Edo was opened by the Tokugawa shogunate and grew steadily into present-day Tokyo. As long as the country of Japan exists, so Tokyo will exist while continuing to transform. Edo was created by cutting down the Ochanomizu hill in one corner of the Kanto Plain and filling in the surrounding marshes. Before that, it had been an area of grand nature. Nature watched warmly over the flow of history from Edo to Tokyo. The heavens, including the universe, are nature, and the business of humankind exists within nature. Cities, and audio and visual products, are the momentary results of business.

Nature exists, and people exist. That is the starting point, the essence. It is arrogant to take nature for granted and take people for granted, and I do not believe such thinking generates ideas that take us closer to the essence.

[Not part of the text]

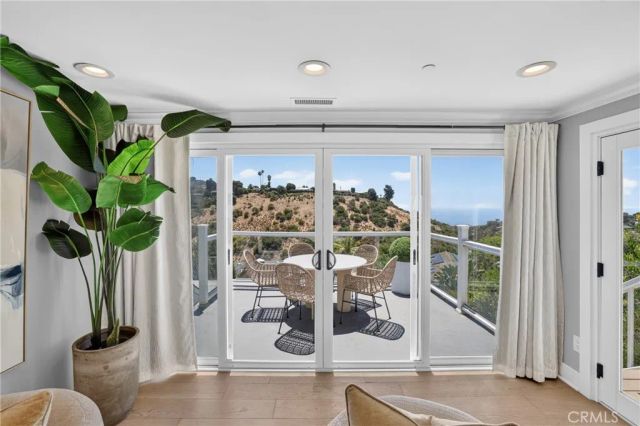 1414 Mar Vista Way, Laguna Beach, CA 92651
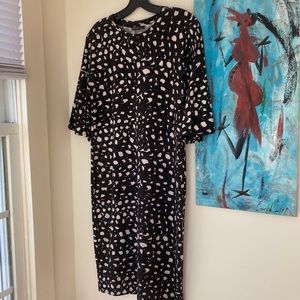 Marimekko “all occasion” dress. Perfect “dress up, dress down”. Great length!l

When we can understand the greatness of nature, the flow of water from high to low in nature, the peacefulness of nature, and the wonders of nature, and when we can deposit an indescribable love of people deep inside us, then I think the confidence to challenge reality and the potential for the future will come into view.

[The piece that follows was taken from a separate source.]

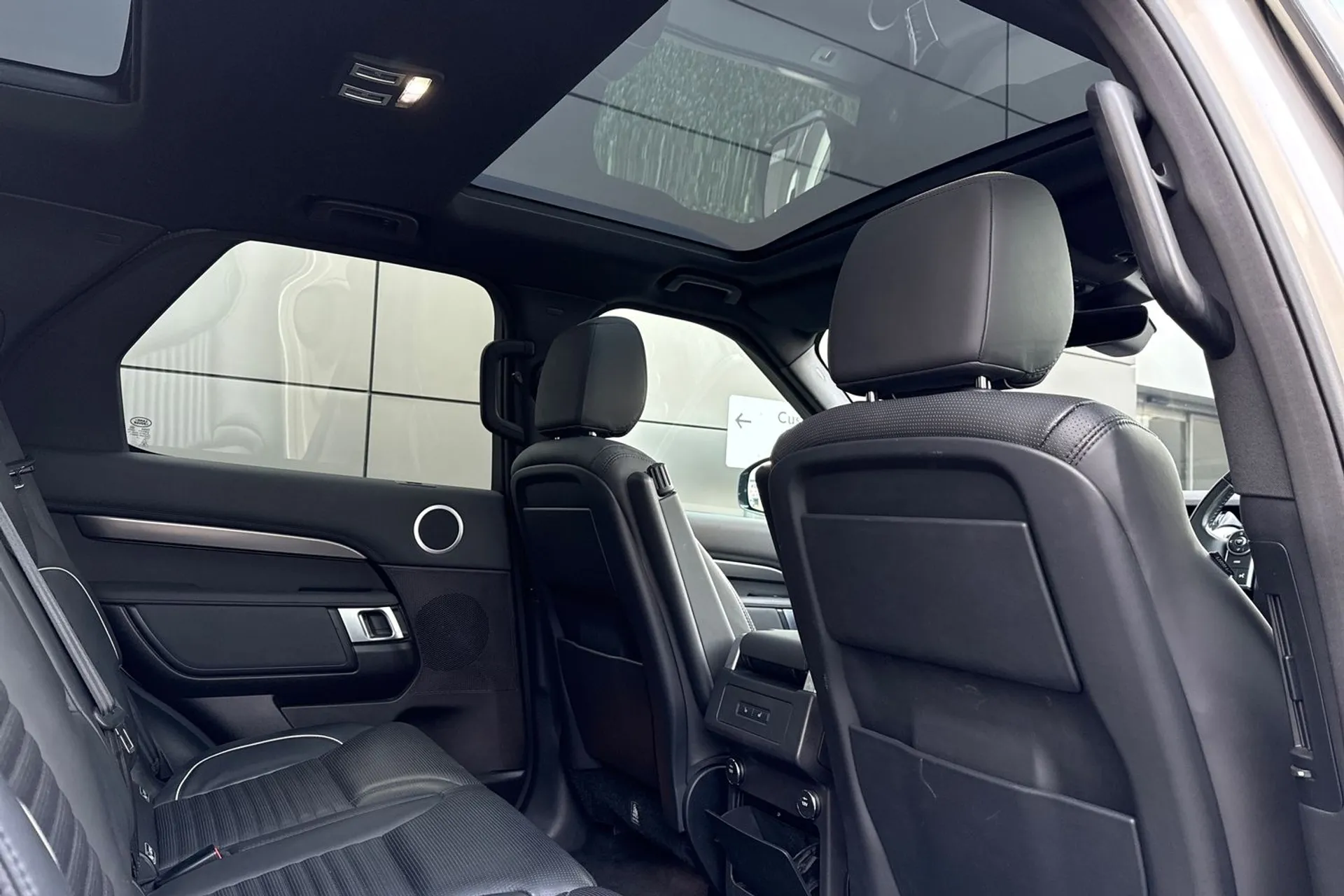 LAND ROVER DISCOVERY thumbnail image number 39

The top-class company Schlumberger stresses the importance of spirit in corporate management, and it has been said that this spirit, like a religion, is its greatest asset and unique strength. Kazuo Inamori, the founder of Kyocera, writes in a Japanese translation of Ken Auletta’s The Art of Corporate Success: The Story of Schlumberger, which he supervised, that the more he read, the more he felt that the Schlumberger spirit was rooted in “respect the divine and love people.” (The title of the Japanese translation is Perfect Company.)

In our industry also, customers go about their business surrounded by nature, and products are created accordingly. Products that customers naturally want sell the best, but that only becomes possible when we have a deep love for customers.